I'm relatively new to ship modelling and recently purchased a book that suggests using epoxy or urethane resin to fill the hull before completion of the decks and superstructure. Purportedly this adds structural integrity to the model, and the added weight just makes it feel solid and more substantial. Has anyone tried this? What type of resin did you use? Know any sources for inexpensive products? (Most of the resins I'm familiar with only come in gallon sizes and cost between $80-$150US and the hull I'm thinking of filling, N/S Savannah, is only a $15 kit.) Some epoxy resins I've used in other applications generate fair amounts of heat while curing: won't they warp the hull? Anyone ever use anything else to do this like plaster for example?


----------



## AncientBrit (Oct 6, 2007)

Hola miguelito, The $15 price tag would have me believe that yours is a plastic kit of the Savannah.
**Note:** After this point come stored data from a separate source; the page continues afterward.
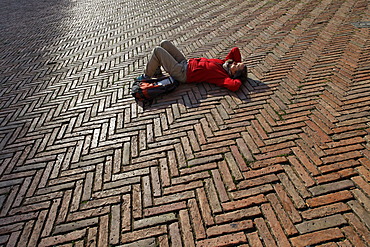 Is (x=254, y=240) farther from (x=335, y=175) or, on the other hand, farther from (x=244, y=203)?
(x=335, y=175)

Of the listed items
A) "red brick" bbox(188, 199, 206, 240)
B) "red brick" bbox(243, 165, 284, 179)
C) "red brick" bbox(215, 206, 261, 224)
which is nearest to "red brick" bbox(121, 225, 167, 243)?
"red brick" bbox(188, 199, 206, 240)

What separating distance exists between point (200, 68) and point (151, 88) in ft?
2.80

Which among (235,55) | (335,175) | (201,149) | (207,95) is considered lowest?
(335,175)

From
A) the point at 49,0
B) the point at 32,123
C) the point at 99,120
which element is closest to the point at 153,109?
the point at 99,120

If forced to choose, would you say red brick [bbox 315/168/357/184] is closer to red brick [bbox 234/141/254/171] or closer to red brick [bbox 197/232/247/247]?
red brick [bbox 234/141/254/171]

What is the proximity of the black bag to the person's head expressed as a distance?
2.94ft

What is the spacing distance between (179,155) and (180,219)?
75cm

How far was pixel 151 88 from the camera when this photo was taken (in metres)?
3.41

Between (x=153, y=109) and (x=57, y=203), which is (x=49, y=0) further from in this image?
(x=57, y=203)

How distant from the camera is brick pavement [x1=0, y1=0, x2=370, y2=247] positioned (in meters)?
1.97

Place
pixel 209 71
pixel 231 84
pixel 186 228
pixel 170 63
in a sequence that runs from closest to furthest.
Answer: pixel 186 228 < pixel 231 84 < pixel 209 71 < pixel 170 63

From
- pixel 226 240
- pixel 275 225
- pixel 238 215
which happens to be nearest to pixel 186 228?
pixel 226 240

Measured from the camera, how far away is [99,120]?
3252 millimetres

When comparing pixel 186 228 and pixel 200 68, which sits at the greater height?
pixel 200 68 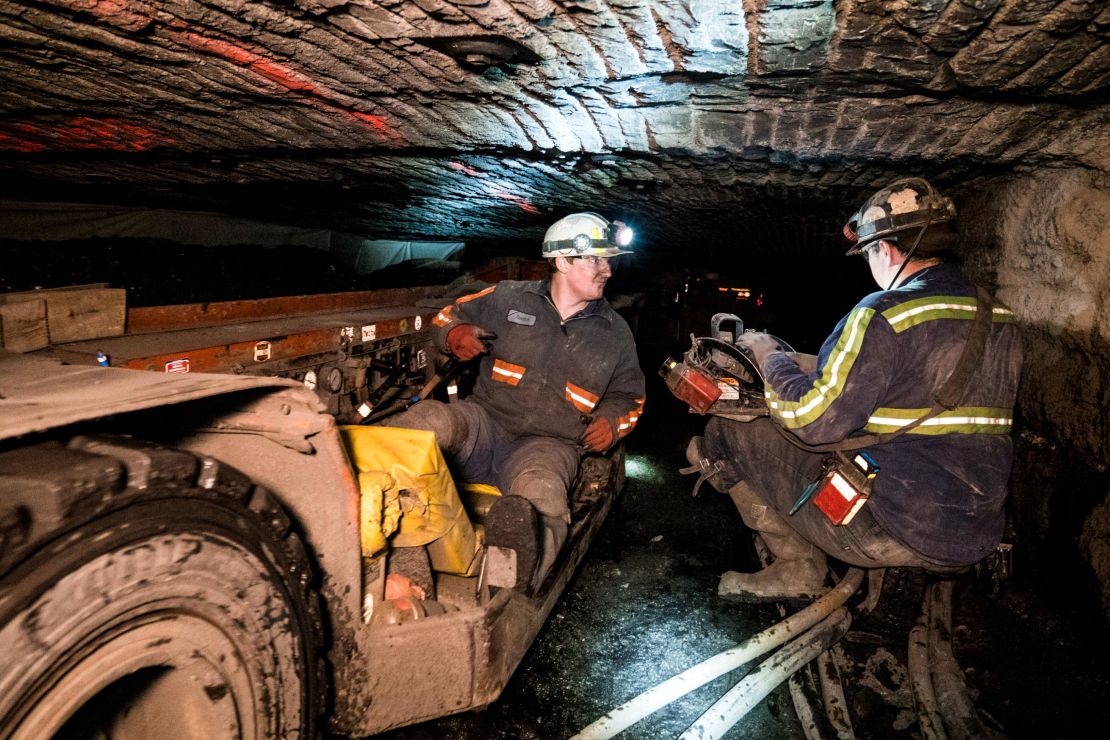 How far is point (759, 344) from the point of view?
3.16 metres

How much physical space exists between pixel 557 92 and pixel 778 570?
282 cm

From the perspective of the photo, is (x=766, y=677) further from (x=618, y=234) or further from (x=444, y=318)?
(x=444, y=318)

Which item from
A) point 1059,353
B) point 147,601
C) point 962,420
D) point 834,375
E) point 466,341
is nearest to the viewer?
point 147,601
If I am right, please ignore the advice given in that book.
The advice is for larger models that are actually using fiber glass hulls to start with.
Bob


----------



## 6639 (Apr 20, 2006)

hi, Miguelito, if you use any type of polyester resin ( i.e. those made for glass reinforced plastic, fibre glass resin ) you will melt the plastic of your kit. polyester and extruded plastics just dont mix at all. 

for strengthening your kit hull you would be best to add internal bulkheads or beams made from the similar "abs" type plastics sold in most model shops by the sheet, approximately A4 size and in different thicknesses ranging from .001 to .25 of an inch., and these can be glued into your hull using the same glue used to construct your model kit. cheers,neil.


----------